Top of INFORMATION GIVEN
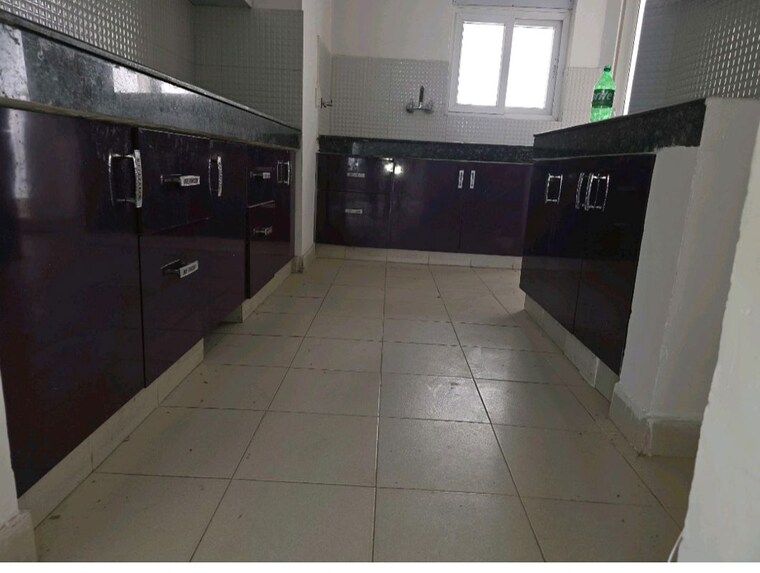 Kitchen, vatika-gurgaon-21 3 Bedroom 1981 Sq.Ft. Apartment In Sector 83 Gurgaon 10212862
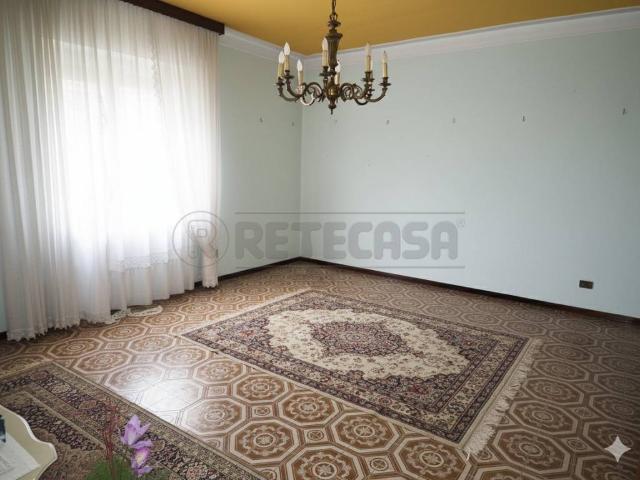 Appartamento in vendita a Castelverde, Lombardia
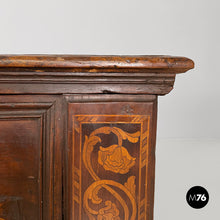 画像をギャラリービューアに読み込む, Wooden chest with inlays and folding top, early 1800s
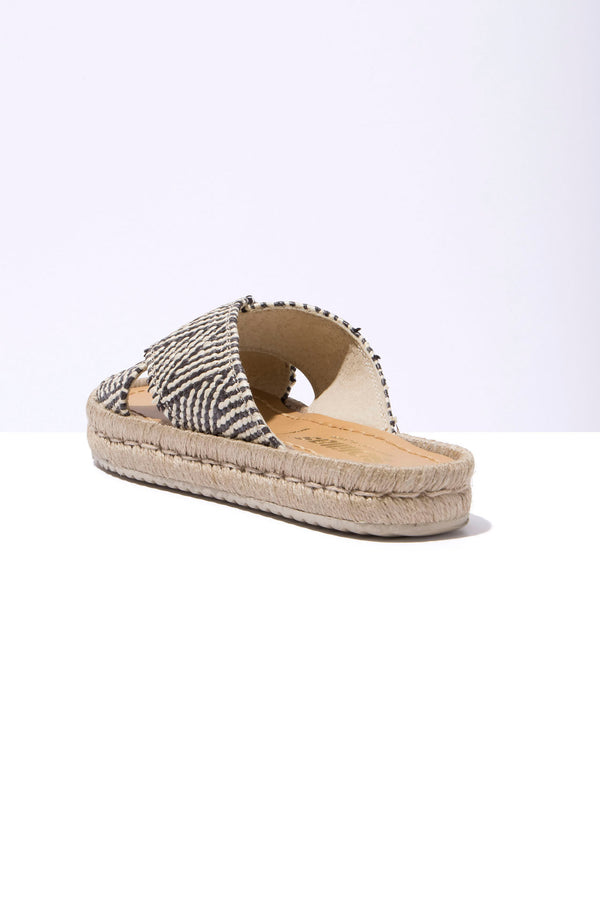 Solillas TORRES CRUZADO - Espadrille Slider In Black & White Geometric Weave
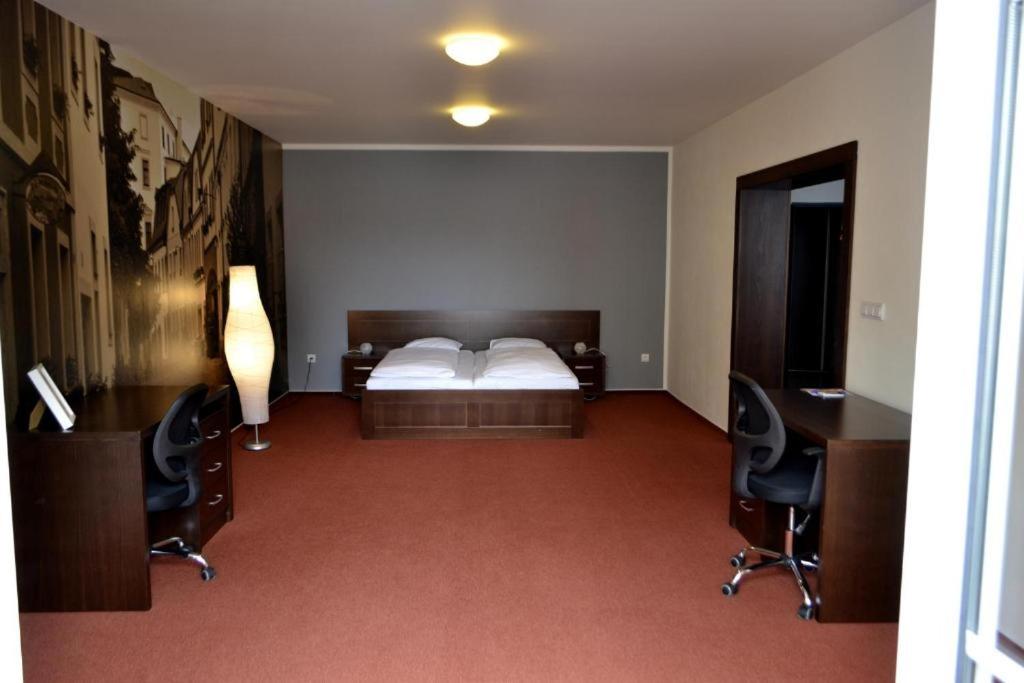 Hotel Palác - Housity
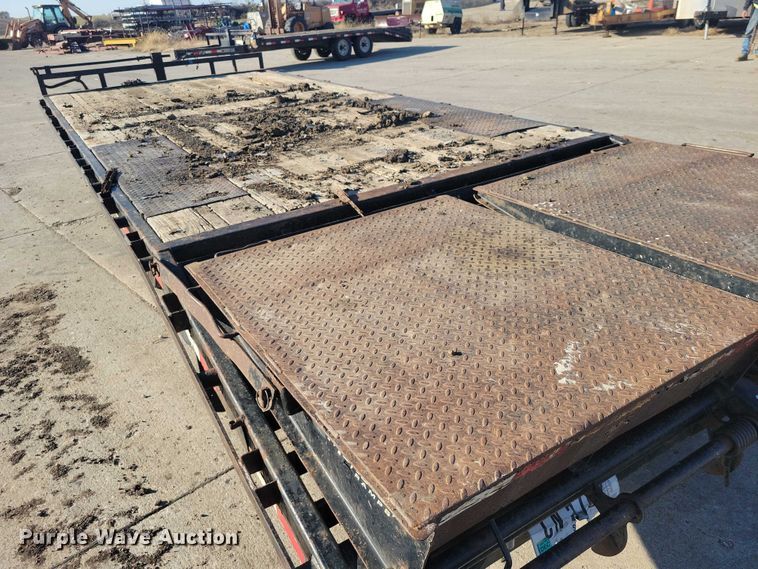 image for item EA2713 2015 PJ F8202 equipment trailer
Bottom of INFORMATION GIVEN
[TO DO] The pictures stay out; please reproduce everything else in the entries exactly.

[PROBLEM SOLUTION]
 Kitchen, vatika-gurgaon-21 3 Bedroom 1981 Sq.Ft. Apartment In Sector 83 Gurgaon 10212862
 Appartamento in vendita a Castelverde, Lombardia
 画像をギャラリービューアに読み込む, Wooden chest with inlays and folding top, early 1800s
 Solillas TORRES CRUZADO - Espadrille Slider In Black & White Geometric Weave
 Hotel Palác - Housity
 image for item EA2713 2015 PJ F8202 equipment trailer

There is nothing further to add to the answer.